The voltage stabilization diode 30 can be a zener diode, fixed on the bottom 112 of the cavity 111 of the silicon substrate 10 and connected electrically to the first wire bonding 115 via a wire and the second wire bonding 116 directly, as shown in FIG. 2. The voltage stabilization diode 30 and the light emitting diode chip 20 are electrically connected together in parallel to stabilize the voltage between the ends of the light emitting diode chip 20.
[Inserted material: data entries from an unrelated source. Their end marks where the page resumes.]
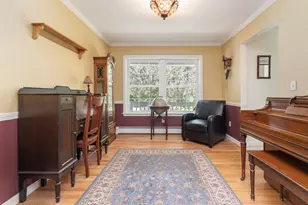 30 May Meadow Dr, Gray, ME 04039 - Photo 21
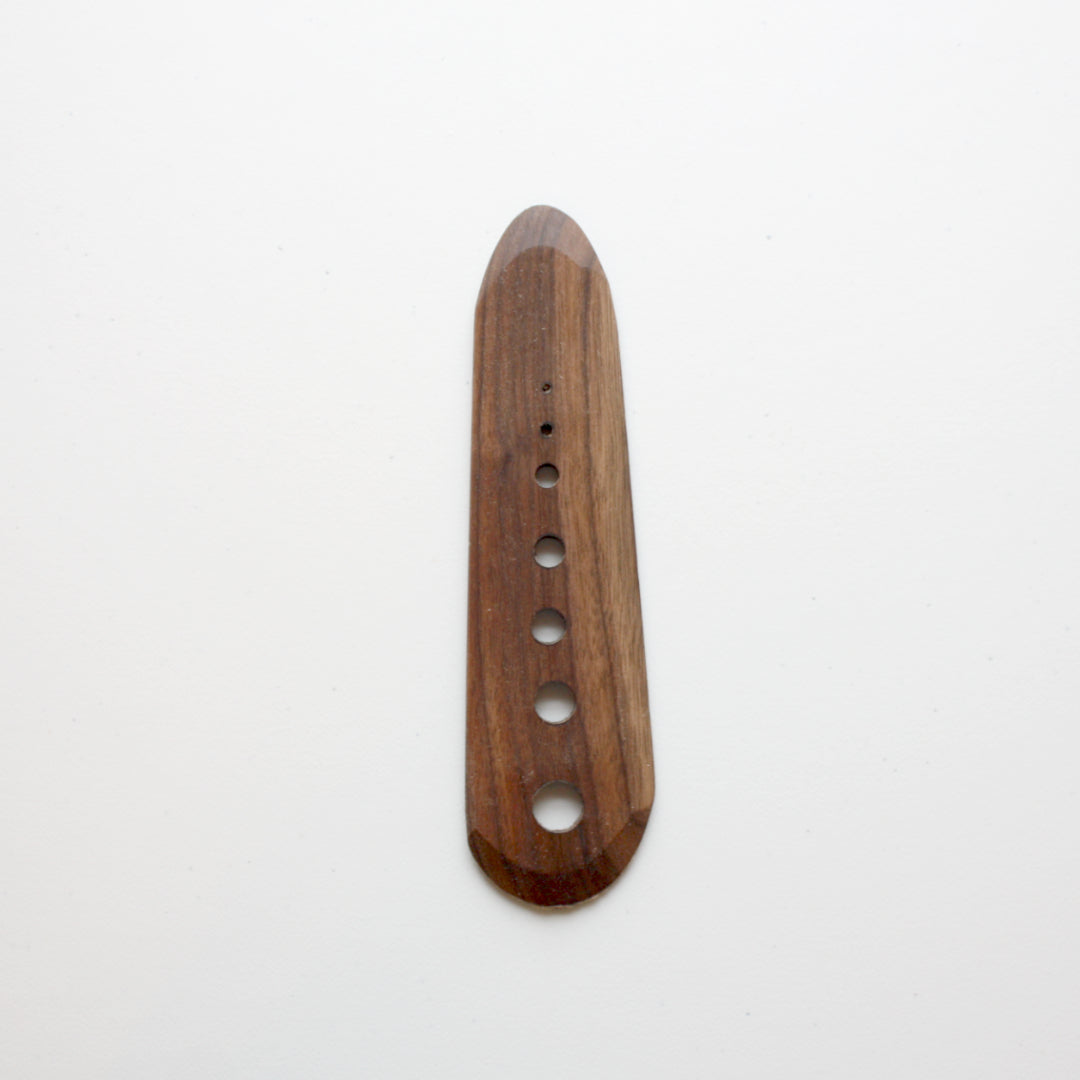 https://localwe.com/cdn/shop/products/handmadewoodenherbstripperblackwalnut1.jpg?v=1656388937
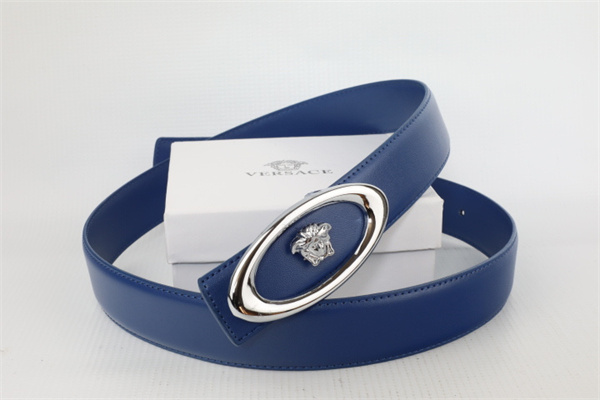 Versace-belt-0430
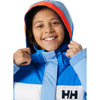 Manteau Diamond Fille
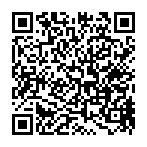 www.houseinfo.com.tw房屋網-萬巒電梯大廈-QRCode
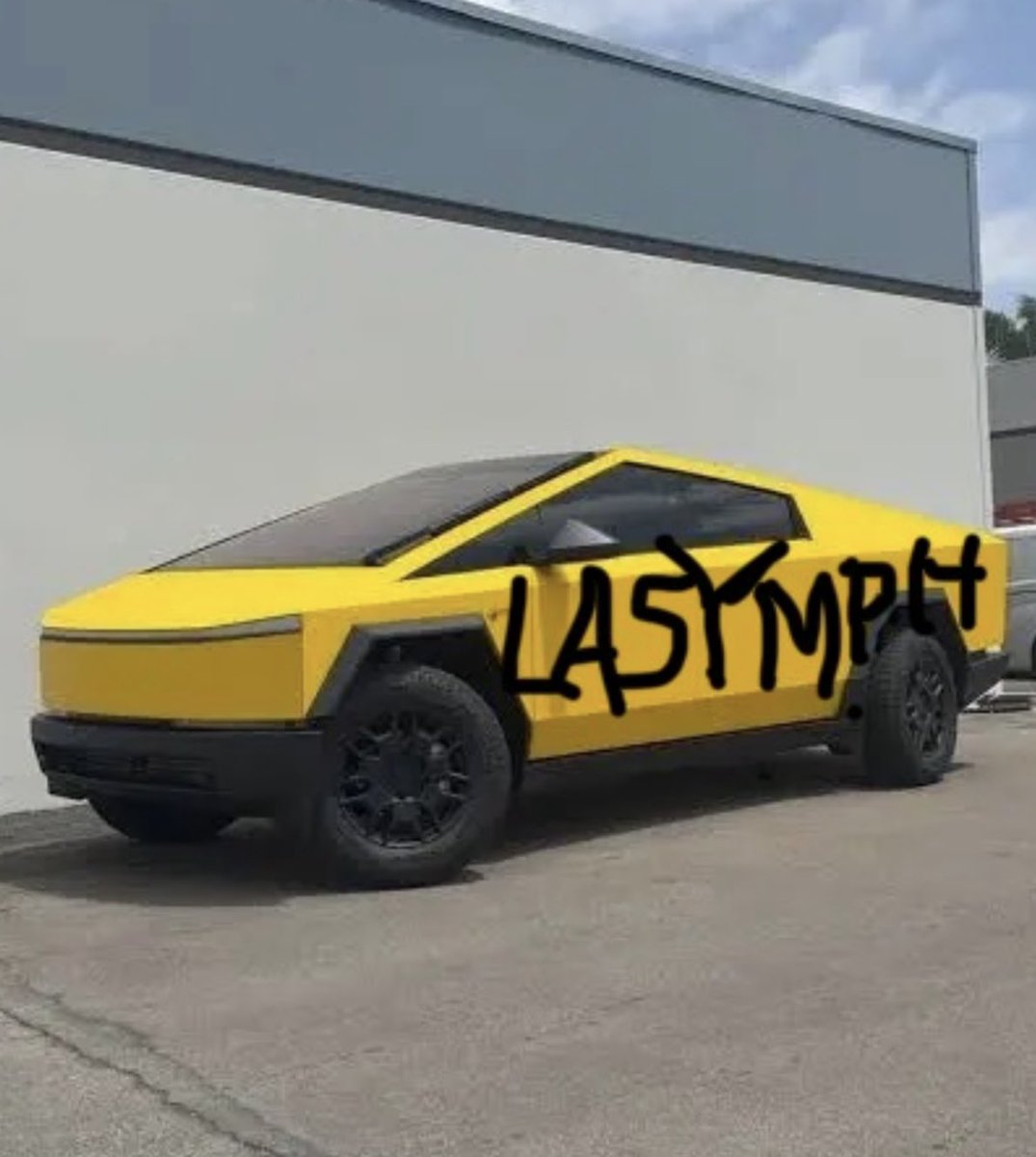 L.A.Symphony tweet media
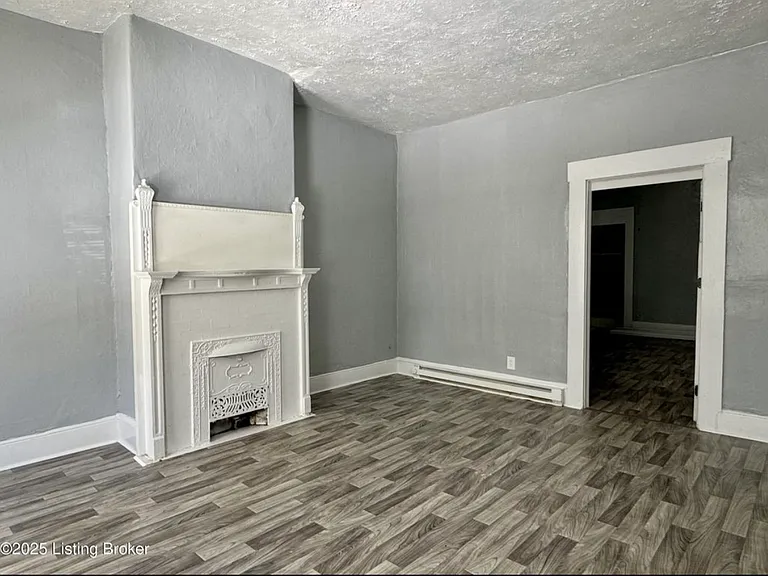 2315 Portland Ave #1 — Photo 5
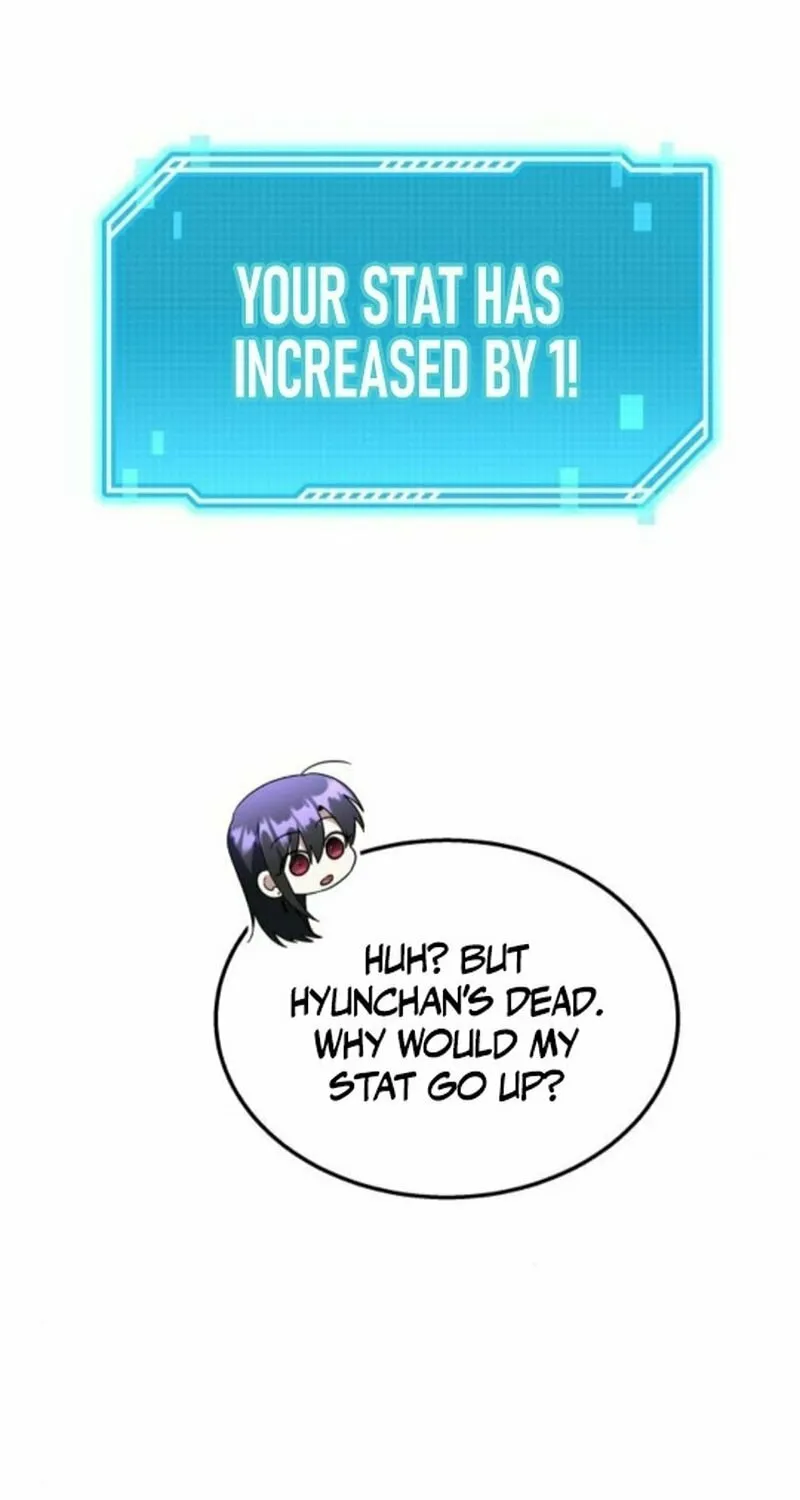 The Returned C-Rank Tank Won't Die! Chapter 25 page 67 - 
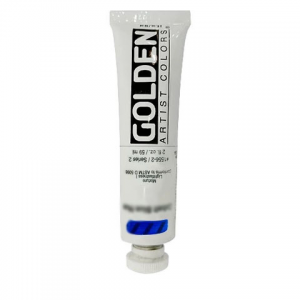 GOLDEN HEAVY BODY AKRYLFÄRG 59ML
The lens 40 is made of glass, disposed on the platform 114 of the silicon substrate 10 by binder. In the first embodiment, the lens 40 is flat and has microstructures disposed on the surfaces of the lens 40 unevenly, wherein due to the lens 40 having top and bottom surfaces, the microstructures 41 are micro-convex, with those on the top corresponding to those on the bottom, so as to enhance light scattering from the light emitting diode chip 20 and increase interface area between air and lens and remove heat from the light emitting diode package 100. The edge of the lens 40 is as angled corresponding to the sidewall of the cavity 111, allowing firm fit therebetween. Additionally, a fluorescent conversion layer 42 can be coated on the top of the lens 40, such as garnet, silicate, nitride, oxynitride, phosphate, and sulfate. The fluorescent conversion layer 42 can convert light from the light emitting diode 20 and absorbed thereby to another light with different wavelength, so that the light emitting diode package 100 can generate light with multiple wavelengths. The fluorescent conversion layer 42 also can be coated on the bottom of the lens 40, or on both top and bottom of the lens 40, mixed with glass to form a lens, or disposed between two glass layers 40a to form a lens (as shown in FIG. 3).

As disclosed, the silicon substrate 10 and the glass lens 40 optimize thermal tolerance, and the silicon substrate 10 provides maximal thermal conductivity, so that the light emitting diode package 100 exhibits favorable lifetime. Compared with ceramic substrate, the silicon substrate can endure more stress, especially in manufacturing.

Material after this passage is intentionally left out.